I want to begin to address this subject by sharing a statistic with you that is both sobering and astounding: the death rate for humans is 100%.   Yet, in spite of that statistic, many of us, when personally faced with death, are often quite unprepared for it, and even seem to think somehow it should not be happening to us or to our loved ones.  If you have ever taken a psychology course you may remember learning that in Elizabeth Kubler-Ross’s list of five stages that people go through when faced with dying, the first stage is denial.  People often respond to the prospect of death by denying it can happen to them, and they try everything they can to avoid it, fight it, and postpone it.  When dying is not of an immediate or imminent concern, most people choose to not even think about it.  We prefer to think about life, and I certainly get that.  In fact, I much prefer to preach about the great fulfillment and joy and peace that are ours in this lifethrough being followers of Jesus Christ.

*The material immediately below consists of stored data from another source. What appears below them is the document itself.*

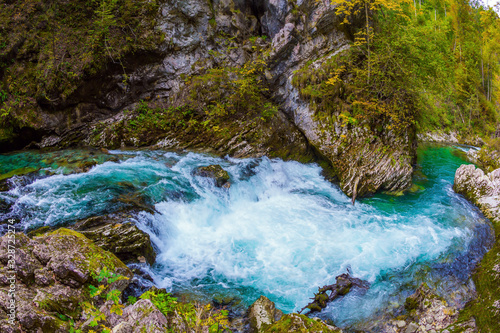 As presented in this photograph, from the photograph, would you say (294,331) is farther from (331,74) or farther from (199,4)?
(199,4)

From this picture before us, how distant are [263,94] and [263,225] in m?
6.71

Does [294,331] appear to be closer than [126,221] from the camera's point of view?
Yes

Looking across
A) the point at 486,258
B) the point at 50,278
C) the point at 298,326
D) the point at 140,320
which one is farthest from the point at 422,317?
the point at 50,278

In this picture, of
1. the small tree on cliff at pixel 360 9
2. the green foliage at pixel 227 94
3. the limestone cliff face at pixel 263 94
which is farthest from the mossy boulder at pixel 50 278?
the small tree on cliff at pixel 360 9

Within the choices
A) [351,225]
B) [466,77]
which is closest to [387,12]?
[351,225]

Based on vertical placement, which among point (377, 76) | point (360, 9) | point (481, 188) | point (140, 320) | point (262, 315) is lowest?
point (262, 315)

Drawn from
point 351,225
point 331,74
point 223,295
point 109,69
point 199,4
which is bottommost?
point 223,295

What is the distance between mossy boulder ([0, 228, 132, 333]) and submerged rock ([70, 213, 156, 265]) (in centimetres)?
154

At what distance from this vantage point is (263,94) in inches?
478

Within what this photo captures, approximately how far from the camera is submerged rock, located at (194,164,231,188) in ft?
28.0

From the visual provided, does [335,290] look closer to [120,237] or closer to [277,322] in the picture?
[277,322]

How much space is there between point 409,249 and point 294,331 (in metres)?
4.37

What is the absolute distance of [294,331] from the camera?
3.42 meters

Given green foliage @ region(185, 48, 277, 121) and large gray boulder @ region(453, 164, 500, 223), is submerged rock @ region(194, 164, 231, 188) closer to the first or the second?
green foliage @ region(185, 48, 277, 121) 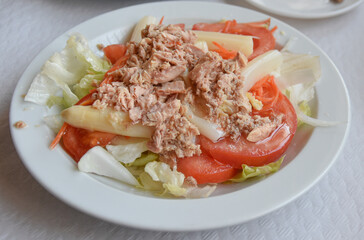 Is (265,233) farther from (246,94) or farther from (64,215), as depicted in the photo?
(64,215)

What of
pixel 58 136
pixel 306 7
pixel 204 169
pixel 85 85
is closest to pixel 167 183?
pixel 204 169

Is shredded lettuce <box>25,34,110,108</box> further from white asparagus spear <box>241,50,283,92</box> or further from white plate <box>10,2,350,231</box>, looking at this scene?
white asparagus spear <box>241,50,283,92</box>

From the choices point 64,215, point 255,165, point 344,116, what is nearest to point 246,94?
point 255,165

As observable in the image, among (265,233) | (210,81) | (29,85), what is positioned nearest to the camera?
(265,233)

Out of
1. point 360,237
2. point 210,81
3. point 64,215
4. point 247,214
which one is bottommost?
point 360,237

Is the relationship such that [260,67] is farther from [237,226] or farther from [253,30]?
[237,226]

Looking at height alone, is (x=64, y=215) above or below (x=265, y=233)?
above

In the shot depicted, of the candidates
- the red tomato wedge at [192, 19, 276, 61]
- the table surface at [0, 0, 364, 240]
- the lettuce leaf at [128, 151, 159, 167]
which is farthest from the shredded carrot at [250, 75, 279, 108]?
the lettuce leaf at [128, 151, 159, 167]

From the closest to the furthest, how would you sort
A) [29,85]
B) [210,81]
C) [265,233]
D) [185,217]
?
[185,217], [265,233], [210,81], [29,85] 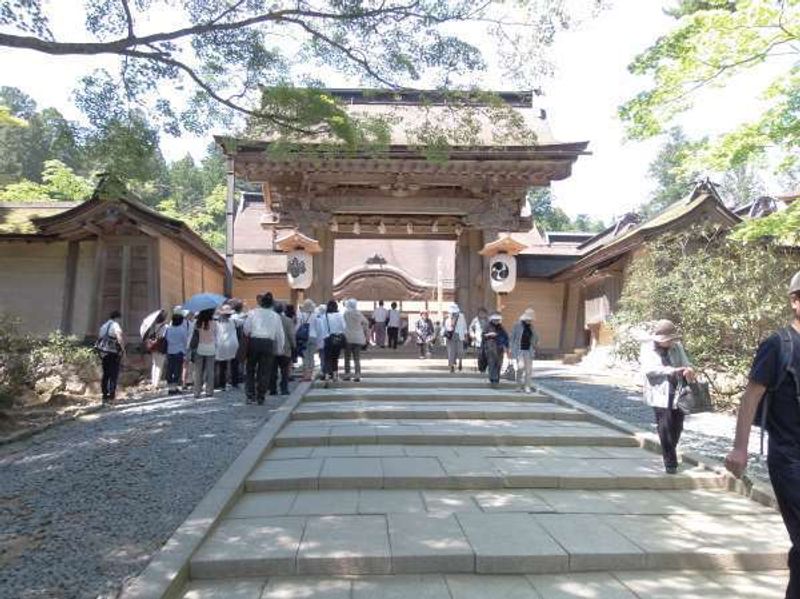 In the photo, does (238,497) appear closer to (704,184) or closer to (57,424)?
(57,424)

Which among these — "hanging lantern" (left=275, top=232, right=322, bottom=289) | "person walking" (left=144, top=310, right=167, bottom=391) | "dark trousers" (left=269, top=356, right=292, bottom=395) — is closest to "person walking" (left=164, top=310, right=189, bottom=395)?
"person walking" (left=144, top=310, right=167, bottom=391)

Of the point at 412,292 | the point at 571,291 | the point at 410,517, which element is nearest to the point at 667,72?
the point at 410,517

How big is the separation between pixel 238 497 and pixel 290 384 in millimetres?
6540

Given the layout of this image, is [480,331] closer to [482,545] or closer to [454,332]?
[454,332]

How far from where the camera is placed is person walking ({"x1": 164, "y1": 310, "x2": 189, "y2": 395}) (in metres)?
11.6

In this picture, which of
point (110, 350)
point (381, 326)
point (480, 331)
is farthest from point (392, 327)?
point (110, 350)

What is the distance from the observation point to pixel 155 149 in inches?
320

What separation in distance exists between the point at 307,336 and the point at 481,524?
712 cm

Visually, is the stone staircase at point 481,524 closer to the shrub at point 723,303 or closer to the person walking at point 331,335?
the person walking at point 331,335

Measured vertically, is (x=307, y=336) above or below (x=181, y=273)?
below

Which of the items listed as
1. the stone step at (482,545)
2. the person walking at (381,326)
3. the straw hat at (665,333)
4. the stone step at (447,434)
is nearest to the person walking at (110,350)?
the stone step at (447,434)

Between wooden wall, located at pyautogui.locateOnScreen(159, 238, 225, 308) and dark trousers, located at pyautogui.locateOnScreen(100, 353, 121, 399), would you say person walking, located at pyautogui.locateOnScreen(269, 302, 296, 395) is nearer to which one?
dark trousers, located at pyautogui.locateOnScreen(100, 353, 121, 399)

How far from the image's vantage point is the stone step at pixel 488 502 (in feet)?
16.7

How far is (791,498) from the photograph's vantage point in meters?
2.83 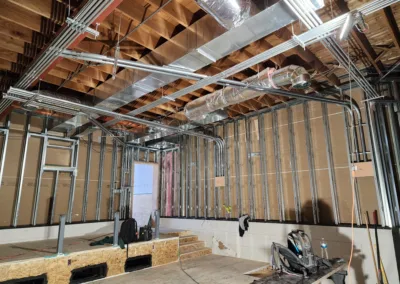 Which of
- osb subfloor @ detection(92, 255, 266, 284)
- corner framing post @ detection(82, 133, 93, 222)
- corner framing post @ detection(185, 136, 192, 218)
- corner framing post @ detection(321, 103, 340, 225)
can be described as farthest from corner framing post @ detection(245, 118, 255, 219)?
corner framing post @ detection(82, 133, 93, 222)

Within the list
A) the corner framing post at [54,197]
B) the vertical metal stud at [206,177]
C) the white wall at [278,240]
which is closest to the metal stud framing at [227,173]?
the white wall at [278,240]

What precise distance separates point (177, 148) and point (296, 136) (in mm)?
3346

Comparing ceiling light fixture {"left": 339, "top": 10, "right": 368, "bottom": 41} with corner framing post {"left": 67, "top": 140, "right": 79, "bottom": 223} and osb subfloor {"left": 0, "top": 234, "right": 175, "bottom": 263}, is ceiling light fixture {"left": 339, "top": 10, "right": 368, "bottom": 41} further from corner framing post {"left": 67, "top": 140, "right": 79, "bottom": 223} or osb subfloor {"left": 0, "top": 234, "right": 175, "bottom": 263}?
corner framing post {"left": 67, "top": 140, "right": 79, "bottom": 223}

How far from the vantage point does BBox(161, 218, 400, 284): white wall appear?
11.4ft

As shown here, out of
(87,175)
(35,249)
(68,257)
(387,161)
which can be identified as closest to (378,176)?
(387,161)

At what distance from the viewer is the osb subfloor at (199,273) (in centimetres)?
386

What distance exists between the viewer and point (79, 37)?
2.44 m

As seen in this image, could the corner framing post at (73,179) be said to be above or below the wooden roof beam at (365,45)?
below

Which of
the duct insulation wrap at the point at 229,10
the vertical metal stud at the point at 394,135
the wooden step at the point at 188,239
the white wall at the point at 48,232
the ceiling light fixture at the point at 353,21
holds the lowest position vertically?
the wooden step at the point at 188,239

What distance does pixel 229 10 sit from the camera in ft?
6.93

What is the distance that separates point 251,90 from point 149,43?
4.84 feet

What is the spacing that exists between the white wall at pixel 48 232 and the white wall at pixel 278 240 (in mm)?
1612

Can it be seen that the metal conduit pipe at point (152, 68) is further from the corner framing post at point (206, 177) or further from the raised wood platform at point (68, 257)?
the corner framing post at point (206, 177)

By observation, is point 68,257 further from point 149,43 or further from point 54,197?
point 149,43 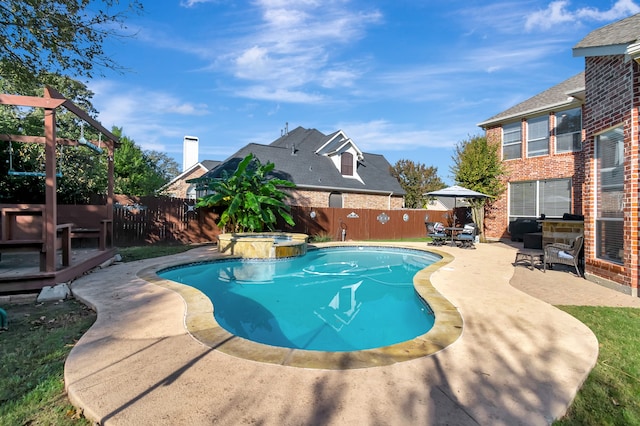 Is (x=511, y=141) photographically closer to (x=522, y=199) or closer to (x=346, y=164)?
(x=522, y=199)

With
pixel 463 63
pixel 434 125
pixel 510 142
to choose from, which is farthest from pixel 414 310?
pixel 434 125

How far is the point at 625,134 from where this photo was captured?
5.91m

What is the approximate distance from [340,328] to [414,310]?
1493mm

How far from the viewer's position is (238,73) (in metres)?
16.1

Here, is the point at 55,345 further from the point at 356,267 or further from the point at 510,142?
the point at 510,142

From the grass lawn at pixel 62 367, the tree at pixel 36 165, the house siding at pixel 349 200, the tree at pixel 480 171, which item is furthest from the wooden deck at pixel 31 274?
the tree at pixel 480 171

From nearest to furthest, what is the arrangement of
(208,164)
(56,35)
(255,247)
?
(56,35), (255,247), (208,164)

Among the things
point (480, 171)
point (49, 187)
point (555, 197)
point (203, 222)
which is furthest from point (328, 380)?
point (555, 197)

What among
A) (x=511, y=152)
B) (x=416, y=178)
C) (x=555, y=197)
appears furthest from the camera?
(x=416, y=178)

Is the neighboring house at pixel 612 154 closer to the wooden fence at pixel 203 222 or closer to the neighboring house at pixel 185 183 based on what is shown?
the wooden fence at pixel 203 222

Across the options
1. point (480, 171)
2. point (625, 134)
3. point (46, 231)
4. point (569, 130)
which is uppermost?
point (569, 130)

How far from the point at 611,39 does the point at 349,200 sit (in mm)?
15918

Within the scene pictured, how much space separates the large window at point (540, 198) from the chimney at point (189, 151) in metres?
24.1

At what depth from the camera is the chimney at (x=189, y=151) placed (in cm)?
2811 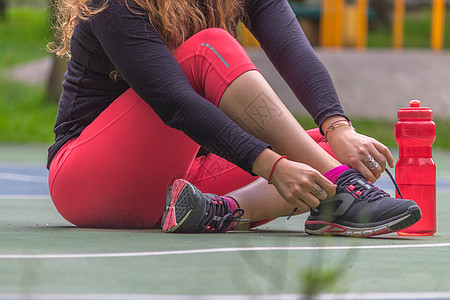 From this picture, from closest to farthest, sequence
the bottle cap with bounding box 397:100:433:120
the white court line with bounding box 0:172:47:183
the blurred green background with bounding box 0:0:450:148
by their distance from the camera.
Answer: the bottle cap with bounding box 397:100:433:120 → the white court line with bounding box 0:172:47:183 → the blurred green background with bounding box 0:0:450:148

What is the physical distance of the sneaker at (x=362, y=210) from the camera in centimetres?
288

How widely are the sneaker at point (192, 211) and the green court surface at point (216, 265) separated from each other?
5cm

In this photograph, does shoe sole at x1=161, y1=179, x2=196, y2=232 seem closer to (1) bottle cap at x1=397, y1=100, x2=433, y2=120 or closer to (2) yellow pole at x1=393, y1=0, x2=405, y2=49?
(1) bottle cap at x1=397, y1=100, x2=433, y2=120

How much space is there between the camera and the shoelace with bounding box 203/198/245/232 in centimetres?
308

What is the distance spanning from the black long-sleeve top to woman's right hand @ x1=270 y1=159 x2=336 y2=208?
3.9 inches

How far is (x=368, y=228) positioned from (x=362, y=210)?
0.07 metres

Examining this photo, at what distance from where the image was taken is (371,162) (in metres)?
3.00

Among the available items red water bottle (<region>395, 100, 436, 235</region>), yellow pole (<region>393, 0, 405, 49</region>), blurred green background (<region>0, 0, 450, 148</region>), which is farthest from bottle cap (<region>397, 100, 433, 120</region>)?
yellow pole (<region>393, 0, 405, 49</region>)

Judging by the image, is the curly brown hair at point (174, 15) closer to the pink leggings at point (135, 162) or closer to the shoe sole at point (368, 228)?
the pink leggings at point (135, 162)

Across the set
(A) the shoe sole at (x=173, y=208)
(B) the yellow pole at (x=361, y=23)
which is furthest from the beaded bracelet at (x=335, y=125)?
(B) the yellow pole at (x=361, y=23)

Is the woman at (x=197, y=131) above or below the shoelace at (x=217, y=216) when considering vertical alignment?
above

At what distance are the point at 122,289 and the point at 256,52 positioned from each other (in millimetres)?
11729

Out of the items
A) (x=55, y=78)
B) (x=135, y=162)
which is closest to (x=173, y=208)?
(x=135, y=162)

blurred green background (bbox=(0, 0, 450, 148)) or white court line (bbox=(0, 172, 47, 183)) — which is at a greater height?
white court line (bbox=(0, 172, 47, 183)) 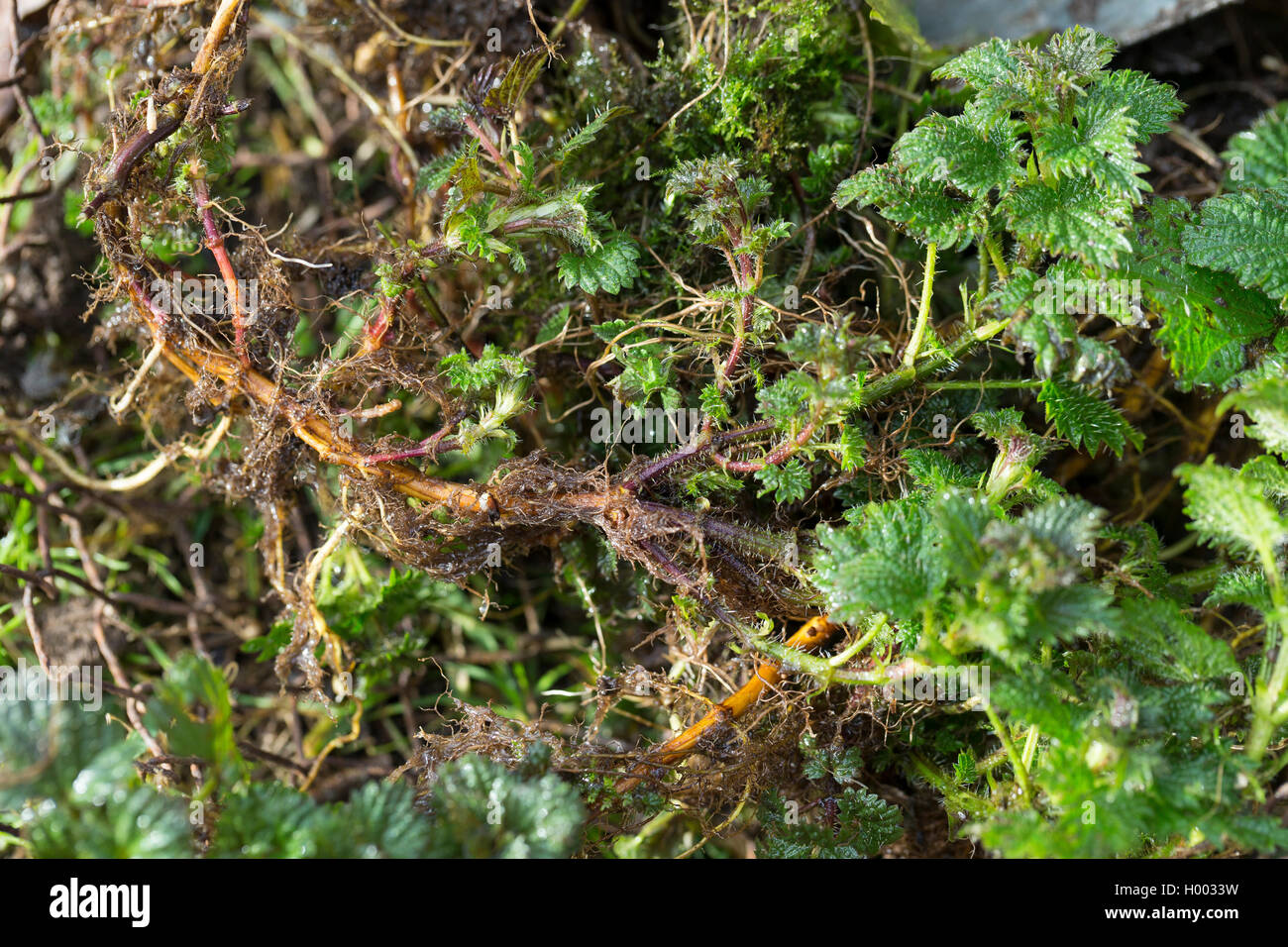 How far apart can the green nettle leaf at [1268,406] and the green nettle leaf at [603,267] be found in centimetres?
88

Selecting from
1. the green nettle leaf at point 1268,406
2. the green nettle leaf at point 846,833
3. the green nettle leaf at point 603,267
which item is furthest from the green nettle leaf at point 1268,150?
the green nettle leaf at point 846,833

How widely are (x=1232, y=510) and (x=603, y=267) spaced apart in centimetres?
98

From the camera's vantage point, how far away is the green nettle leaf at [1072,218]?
1.21m

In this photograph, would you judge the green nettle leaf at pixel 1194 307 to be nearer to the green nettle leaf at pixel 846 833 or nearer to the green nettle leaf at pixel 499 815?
the green nettle leaf at pixel 846 833

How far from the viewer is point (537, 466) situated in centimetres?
148

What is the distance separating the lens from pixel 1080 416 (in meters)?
1.37

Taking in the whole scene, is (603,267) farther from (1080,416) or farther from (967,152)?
(1080,416)

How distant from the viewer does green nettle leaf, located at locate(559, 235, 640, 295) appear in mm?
1429

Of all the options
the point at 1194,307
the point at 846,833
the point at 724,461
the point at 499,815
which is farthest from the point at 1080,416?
the point at 499,815

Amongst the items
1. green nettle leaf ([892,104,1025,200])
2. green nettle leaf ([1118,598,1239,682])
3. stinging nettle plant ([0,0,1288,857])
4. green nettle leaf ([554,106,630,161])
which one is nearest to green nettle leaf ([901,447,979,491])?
stinging nettle plant ([0,0,1288,857])

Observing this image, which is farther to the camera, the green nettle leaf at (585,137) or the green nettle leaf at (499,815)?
the green nettle leaf at (585,137)
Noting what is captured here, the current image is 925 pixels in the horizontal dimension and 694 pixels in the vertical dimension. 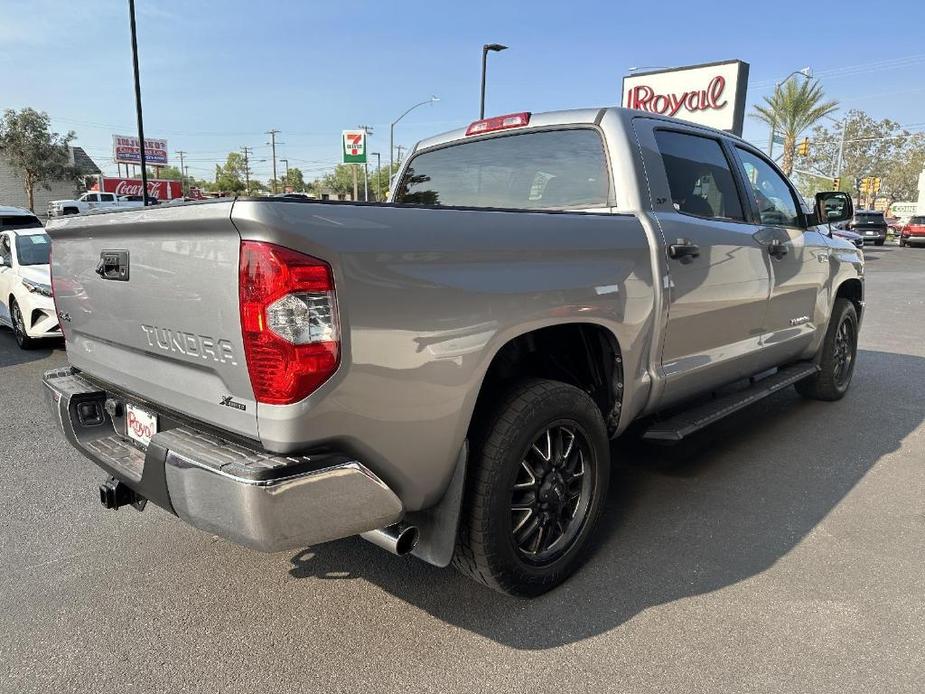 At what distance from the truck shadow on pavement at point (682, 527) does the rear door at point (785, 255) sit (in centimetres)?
68

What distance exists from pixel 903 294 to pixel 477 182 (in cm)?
1357

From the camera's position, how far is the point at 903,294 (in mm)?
13844

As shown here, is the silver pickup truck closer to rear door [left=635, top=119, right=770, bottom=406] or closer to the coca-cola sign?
rear door [left=635, top=119, right=770, bottom=406]

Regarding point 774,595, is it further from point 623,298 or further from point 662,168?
point 662,168

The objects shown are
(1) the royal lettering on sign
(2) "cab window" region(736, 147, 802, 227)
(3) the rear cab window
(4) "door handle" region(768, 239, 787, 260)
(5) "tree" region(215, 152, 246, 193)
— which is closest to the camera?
(3) the rear cab window

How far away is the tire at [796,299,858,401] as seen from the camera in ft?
17.0

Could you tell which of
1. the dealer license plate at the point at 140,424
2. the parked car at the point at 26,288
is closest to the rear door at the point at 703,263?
the dealer license plate at the point at 140,424

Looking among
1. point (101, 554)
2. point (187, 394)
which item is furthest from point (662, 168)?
point (101, 554)

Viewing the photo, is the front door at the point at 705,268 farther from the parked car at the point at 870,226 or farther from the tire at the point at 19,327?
the parked car at the point at 870,226

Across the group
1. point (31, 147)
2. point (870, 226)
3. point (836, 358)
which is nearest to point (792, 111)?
point (870, 226)

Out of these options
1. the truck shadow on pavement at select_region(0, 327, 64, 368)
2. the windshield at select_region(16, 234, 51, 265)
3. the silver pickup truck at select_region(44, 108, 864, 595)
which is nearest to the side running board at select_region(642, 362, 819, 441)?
the silver pickup truck at select_region(44, 108, 864, 595)

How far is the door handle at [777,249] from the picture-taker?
3975mm

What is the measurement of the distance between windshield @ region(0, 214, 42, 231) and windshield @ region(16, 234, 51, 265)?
13.9 ft

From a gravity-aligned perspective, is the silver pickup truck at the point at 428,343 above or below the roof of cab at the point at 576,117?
below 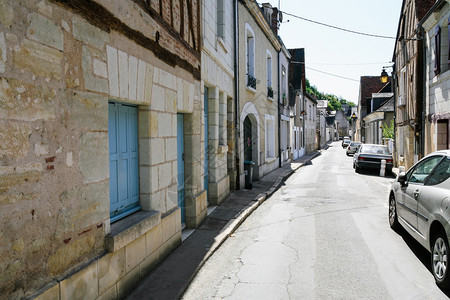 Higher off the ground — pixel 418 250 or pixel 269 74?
pixel 269 74

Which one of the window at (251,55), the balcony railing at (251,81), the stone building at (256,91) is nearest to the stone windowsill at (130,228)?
the stone building at (256,91)

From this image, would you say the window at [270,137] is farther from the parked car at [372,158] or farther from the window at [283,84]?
the parked car at [372,158]

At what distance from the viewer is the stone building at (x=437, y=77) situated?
10.8 metres

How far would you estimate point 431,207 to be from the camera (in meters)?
4.45

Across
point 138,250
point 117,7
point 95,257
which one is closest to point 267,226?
point 138,250

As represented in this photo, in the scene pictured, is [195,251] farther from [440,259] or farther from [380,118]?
[380,118]

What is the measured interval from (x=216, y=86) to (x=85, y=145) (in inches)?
222

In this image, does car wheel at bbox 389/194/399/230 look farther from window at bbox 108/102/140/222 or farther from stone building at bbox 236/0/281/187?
stone building at bbox 236/0/281/187

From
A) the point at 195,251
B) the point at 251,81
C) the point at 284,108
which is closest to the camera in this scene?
the point at 195,251

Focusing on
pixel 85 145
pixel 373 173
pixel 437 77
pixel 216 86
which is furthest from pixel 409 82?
pixel 85 145

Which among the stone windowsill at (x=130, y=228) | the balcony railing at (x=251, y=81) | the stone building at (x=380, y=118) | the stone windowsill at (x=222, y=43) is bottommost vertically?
the stone windowsill at (x=130, y=228)

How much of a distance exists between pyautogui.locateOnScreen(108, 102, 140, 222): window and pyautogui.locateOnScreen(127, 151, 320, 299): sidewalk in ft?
2.93

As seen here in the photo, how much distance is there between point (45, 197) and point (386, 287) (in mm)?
3835

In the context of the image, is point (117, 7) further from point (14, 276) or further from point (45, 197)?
point (14, 276)
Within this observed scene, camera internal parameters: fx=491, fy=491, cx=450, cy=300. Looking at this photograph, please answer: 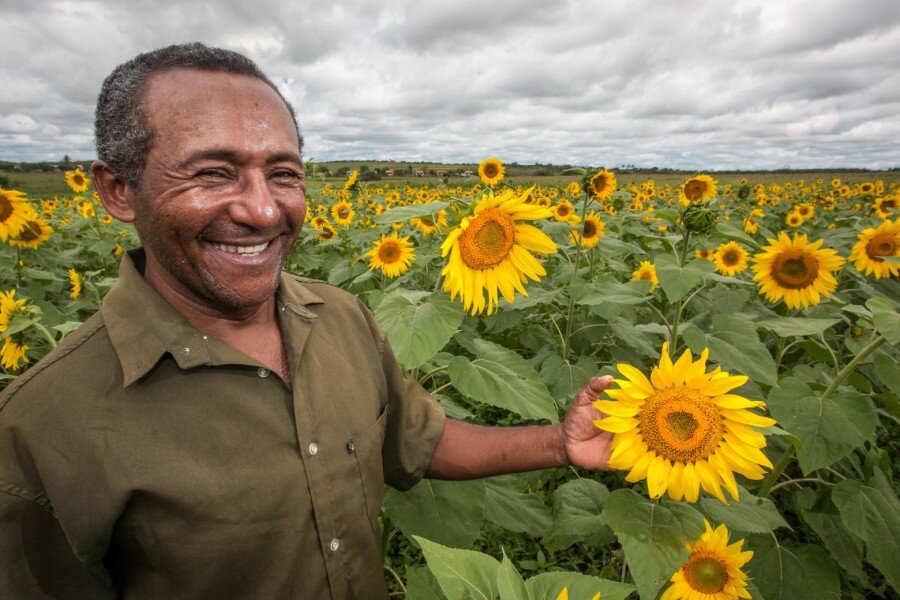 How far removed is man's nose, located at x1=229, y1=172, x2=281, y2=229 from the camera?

Yet I know that any message emphasizing this life can only go so far, because this life only goes so far.  And when we acknowledge the limitations of this life, we begin to think about what happens when we die.  Often what forces us to think about the limitations of this life is when one of our loved ones is facing death, or perhaps is taken from us in death.  Then we tend to think about death a lot, and because death is so mysterious, we have lots of question about it.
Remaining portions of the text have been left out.